Now you can have multiple workspaces: Power2ool: The Space Browser on Vimeo

[MENTION=97538]Nullzone[/MENTION] There was a small bug in the monster damage tables, but now that I look at it, that probably wasn't what you were talking about. I'm using the damage table in the back of the DMG, is there an updated version?

The encounter counter is interesting! I'll add it to the todo list.

[MENTION=71730]Ferdil[/MENTION] Not sure what you're talking about re: standard action/minor action

[MENTION=65861]zoggynog[/MENTION] Thanks for the ideas! As far as 4x3 note card printing, do you just want them to change to be the same size as 4x3 cards? I'm not sure how that would work, do you print them out on large paper and then cut out the pieces you want, or do you print them directly onto 4x3 cardstock?


----------



## Dannager (Mar 22, 2011)

doublewumpus said:


> @Nullzone There was a small bug in the monster damage tables, but now that I look at it, that probably wasn't what you were talking about. I'm using the damage table in the back of the DMG, is there an updated version?

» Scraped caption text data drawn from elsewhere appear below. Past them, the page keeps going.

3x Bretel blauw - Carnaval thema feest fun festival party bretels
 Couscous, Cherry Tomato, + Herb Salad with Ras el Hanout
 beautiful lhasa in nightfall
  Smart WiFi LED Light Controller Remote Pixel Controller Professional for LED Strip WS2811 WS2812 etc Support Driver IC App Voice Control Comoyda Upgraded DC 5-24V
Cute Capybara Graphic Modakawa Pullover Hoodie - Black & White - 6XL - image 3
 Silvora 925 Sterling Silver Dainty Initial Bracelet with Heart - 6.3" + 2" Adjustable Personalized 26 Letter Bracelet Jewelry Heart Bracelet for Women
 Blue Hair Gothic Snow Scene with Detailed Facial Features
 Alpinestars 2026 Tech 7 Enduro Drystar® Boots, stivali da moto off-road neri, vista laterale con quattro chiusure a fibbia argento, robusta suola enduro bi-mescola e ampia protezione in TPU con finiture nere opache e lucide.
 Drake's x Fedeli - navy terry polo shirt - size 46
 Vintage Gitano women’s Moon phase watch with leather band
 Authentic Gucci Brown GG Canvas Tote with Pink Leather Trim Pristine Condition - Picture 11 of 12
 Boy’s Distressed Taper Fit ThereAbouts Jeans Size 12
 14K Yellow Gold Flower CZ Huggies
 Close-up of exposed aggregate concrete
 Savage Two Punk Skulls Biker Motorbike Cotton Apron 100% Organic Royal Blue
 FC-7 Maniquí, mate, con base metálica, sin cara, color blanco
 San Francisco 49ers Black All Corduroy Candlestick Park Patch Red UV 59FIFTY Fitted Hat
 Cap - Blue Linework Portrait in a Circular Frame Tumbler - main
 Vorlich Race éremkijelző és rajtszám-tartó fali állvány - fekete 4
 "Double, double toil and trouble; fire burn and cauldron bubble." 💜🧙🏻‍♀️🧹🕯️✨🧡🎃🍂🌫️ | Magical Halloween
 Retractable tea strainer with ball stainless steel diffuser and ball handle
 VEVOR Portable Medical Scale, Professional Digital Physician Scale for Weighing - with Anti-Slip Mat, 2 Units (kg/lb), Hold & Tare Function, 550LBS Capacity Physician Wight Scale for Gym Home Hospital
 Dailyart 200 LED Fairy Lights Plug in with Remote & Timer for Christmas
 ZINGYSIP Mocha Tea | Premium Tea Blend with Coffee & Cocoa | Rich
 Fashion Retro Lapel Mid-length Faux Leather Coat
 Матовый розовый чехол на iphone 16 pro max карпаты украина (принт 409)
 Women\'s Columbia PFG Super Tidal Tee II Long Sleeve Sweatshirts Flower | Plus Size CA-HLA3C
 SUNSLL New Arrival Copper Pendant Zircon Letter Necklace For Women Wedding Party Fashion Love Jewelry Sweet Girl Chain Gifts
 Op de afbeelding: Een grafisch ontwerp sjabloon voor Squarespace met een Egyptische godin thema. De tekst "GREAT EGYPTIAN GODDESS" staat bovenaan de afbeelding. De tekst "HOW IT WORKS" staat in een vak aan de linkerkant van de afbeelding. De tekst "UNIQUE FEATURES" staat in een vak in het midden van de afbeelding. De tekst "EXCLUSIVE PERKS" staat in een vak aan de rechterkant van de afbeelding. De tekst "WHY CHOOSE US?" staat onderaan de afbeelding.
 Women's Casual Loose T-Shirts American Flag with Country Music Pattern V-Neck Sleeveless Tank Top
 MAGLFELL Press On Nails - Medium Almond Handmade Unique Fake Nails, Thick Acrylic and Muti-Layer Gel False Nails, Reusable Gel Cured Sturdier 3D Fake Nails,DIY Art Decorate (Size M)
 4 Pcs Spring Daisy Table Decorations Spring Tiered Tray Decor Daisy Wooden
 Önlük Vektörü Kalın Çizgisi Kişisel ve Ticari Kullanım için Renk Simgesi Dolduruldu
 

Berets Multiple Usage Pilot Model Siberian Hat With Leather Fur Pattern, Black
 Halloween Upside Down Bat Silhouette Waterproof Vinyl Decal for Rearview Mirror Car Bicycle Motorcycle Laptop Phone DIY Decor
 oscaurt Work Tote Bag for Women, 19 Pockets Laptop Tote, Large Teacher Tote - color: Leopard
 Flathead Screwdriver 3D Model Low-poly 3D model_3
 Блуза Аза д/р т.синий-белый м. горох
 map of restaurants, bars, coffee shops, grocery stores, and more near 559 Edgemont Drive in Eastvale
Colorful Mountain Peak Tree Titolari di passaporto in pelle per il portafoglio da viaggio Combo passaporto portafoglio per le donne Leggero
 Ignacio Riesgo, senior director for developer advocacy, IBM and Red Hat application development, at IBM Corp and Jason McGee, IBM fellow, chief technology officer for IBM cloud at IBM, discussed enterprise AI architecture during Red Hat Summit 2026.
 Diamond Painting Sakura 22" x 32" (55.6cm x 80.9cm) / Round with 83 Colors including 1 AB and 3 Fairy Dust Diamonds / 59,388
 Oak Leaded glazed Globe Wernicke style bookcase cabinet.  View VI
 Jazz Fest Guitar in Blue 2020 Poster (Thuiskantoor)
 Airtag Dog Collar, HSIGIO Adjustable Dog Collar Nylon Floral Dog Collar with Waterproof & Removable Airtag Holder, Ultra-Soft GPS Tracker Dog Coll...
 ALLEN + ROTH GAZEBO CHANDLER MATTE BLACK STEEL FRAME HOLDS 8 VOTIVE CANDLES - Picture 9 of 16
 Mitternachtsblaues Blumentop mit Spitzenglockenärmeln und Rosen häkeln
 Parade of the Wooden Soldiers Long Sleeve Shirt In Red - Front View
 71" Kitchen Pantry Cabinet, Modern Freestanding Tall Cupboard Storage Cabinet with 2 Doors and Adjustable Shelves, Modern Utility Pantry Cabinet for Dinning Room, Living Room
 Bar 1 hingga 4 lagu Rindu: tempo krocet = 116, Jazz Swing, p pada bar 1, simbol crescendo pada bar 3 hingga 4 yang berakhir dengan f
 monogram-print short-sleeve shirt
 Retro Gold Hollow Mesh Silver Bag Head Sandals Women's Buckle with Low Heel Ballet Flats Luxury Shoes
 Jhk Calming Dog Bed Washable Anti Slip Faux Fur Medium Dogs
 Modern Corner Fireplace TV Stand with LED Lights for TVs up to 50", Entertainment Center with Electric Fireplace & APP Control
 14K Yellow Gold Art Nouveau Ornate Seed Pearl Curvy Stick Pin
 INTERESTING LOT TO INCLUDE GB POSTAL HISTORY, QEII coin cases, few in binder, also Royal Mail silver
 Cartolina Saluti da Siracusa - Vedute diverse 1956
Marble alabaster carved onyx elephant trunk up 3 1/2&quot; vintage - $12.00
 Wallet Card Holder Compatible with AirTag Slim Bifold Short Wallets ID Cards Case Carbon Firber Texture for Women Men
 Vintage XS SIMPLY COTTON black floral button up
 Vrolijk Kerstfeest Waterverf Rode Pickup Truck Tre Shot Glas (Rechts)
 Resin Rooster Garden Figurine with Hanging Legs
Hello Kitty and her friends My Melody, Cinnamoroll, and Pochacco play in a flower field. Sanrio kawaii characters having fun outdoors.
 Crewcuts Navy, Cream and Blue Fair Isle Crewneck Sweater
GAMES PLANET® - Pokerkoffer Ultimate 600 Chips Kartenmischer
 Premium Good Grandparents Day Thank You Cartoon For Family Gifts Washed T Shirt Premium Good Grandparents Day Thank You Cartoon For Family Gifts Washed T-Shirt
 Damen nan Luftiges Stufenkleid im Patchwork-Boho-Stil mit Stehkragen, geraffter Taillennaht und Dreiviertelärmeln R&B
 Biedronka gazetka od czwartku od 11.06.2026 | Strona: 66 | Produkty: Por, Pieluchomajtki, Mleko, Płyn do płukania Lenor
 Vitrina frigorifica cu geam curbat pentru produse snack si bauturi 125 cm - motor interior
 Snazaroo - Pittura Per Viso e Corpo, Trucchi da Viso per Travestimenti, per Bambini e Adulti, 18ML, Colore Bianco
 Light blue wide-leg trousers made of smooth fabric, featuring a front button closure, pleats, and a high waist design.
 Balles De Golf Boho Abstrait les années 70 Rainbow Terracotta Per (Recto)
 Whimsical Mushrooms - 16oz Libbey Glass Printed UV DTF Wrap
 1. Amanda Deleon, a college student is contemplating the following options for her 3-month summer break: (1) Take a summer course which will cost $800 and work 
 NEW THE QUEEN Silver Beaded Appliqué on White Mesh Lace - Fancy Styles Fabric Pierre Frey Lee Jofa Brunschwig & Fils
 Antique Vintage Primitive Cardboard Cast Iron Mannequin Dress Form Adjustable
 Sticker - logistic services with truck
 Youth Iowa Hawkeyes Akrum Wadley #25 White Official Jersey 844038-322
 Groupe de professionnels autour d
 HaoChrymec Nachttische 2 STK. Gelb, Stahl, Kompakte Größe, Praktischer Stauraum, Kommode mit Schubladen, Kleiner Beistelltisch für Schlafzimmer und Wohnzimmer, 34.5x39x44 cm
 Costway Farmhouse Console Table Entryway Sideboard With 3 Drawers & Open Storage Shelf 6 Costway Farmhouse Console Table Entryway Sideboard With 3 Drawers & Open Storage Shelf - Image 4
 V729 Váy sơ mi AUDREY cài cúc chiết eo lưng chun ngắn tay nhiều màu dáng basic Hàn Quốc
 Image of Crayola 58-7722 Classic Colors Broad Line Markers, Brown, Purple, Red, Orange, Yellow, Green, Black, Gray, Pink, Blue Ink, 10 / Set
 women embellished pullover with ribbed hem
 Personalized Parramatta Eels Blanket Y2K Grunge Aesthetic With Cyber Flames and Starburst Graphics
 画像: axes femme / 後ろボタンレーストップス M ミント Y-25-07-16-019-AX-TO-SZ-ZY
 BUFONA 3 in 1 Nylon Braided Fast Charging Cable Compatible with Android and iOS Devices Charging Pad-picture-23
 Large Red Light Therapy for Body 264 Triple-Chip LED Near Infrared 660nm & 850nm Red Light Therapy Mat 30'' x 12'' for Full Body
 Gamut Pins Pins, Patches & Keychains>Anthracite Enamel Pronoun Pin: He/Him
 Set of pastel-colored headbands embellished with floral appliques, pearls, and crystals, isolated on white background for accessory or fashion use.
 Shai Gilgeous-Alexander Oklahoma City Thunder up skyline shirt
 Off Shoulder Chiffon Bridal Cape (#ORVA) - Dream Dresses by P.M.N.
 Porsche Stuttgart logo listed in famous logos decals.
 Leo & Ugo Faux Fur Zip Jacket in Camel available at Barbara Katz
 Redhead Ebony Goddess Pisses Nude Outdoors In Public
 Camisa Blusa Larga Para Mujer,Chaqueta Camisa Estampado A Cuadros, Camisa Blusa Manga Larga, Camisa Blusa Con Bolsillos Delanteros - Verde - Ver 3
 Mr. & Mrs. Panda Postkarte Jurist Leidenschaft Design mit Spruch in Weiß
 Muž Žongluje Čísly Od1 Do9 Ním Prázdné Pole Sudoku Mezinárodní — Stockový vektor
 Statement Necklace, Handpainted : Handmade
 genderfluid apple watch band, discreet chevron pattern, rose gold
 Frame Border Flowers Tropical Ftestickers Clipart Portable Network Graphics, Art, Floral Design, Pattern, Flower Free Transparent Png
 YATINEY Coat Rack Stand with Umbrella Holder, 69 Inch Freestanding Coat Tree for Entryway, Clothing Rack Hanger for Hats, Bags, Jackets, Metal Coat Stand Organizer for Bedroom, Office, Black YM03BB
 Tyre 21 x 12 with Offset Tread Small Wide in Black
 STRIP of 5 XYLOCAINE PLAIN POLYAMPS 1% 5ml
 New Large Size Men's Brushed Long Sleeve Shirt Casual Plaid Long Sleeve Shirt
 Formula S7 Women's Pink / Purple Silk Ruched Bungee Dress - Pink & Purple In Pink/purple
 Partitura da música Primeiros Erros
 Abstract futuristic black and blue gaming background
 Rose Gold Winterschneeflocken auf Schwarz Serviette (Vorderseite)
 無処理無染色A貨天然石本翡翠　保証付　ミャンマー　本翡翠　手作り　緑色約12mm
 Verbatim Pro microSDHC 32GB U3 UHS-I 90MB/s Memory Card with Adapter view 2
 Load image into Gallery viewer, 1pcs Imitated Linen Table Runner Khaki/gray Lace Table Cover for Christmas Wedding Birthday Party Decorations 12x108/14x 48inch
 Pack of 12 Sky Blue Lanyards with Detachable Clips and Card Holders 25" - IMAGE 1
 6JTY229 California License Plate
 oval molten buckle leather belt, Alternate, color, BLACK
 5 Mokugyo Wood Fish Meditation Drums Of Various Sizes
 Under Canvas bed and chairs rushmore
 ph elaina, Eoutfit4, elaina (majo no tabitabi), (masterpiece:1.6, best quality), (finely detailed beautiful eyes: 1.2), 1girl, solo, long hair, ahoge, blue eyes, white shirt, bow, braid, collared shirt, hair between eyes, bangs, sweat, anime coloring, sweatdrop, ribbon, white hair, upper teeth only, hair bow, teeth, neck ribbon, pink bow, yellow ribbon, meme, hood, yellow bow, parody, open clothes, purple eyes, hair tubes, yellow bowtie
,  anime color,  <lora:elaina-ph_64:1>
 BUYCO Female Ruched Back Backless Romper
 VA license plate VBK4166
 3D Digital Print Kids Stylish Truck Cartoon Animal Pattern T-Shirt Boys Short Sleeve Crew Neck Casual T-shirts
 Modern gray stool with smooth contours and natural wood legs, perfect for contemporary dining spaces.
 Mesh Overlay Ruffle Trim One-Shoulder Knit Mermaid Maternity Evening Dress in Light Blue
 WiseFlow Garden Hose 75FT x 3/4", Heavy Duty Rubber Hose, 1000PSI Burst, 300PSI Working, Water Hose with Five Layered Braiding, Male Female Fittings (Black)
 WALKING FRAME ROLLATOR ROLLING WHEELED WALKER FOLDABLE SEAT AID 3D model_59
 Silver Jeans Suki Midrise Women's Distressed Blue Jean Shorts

Yep. Use the table provided on page 7 of this PDF.


----------



## Nikosandros (Mar 22, 2011)

After reading about this tool back when you wrote the OP, I finally used it while running last week session. It proved really useful and it's much faster and convenient to have all the monster "cards" for an encounter in this fashion than trying to copy and paste from the Compendium. Truly a well done tool! 

Having multiple work spaces was the first thing that I though about, so I'm quite naturally very pleased to find that is has already been implemented... as I play with it some more, hopefully I'll have some useful feedback to provide. In the meantime, I would like to thank you for this tool.

P.S.
Actually, I noticed something that might be a bug. When using the character tab and then selecting a bard, cutting words is not listed among first level powers.


----------



## doublewumpus (Mar 22, 2011)

Dannager said:


> Yep. Use the table provided on page 7 of this PDF.




Sweet! Thanks.



Nikosandros said:


> Actually, I noticed something that might be a bug. When using the character tab and then selecting a bard, cutting words is not listed among first level powers.




At the moment, the classes browser only shows powers from rule books, not all sources (the reasons for this decision are lost to time). I keep meaning to add a "sources" option there...

For now, if you really want the card you can search for it in the Search interface =\


----------



## Nikosandros (Mar 22, 2011)

doublewumpus said:


> At the moment, the classes browser only shows powers from rule books, not all sources (the reasons for this decision are lost to time). I keep meaning to add a "sources" option there...
> 
> For now, if you really want the card you can search for it in the Search interface =



Fair enough and I had noticed that you could find the power through the search interface. Since I still have limited experience with the tool, I hadn't noticed that only books are included as sources in the class browser.


----------



## Nemesis Destiny (Mar 22, 2011)

Wow. This looks amazing. I'm recommending this to every other DM in my group (4 out of the 7 of us).

I will try to get you some feedback on it from them after they've had a chance to try it.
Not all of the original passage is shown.